Directions for this task
One part of the entries below is wanted: the lines from the one containing "kabid humas kalsel" through the one containing "EDOX 102273NBUMBUB". Write those out exactly and nothing else.

Information shown
------------------------------------------------------------------------

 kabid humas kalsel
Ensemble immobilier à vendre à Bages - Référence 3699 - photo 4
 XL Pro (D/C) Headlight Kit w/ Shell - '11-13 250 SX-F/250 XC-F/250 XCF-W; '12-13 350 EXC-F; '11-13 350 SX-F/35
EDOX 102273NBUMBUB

------------------------------------------------------------------------

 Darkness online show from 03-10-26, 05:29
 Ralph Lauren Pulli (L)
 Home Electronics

------------------------------------------------------------------------

Expected answer
 kabid humas kalsel
Ensemble immobilier à vendre à Bages - Référence 3699 - photo 4
 XL Pro (D/C) Headlight Kit w/ Shell - '11-13 250 SX-F/250 XC-F/250 XCF-W; '12-13 350 EXC-F; '11-13 350 SX-F/35
EDOX 102273NBUMBUB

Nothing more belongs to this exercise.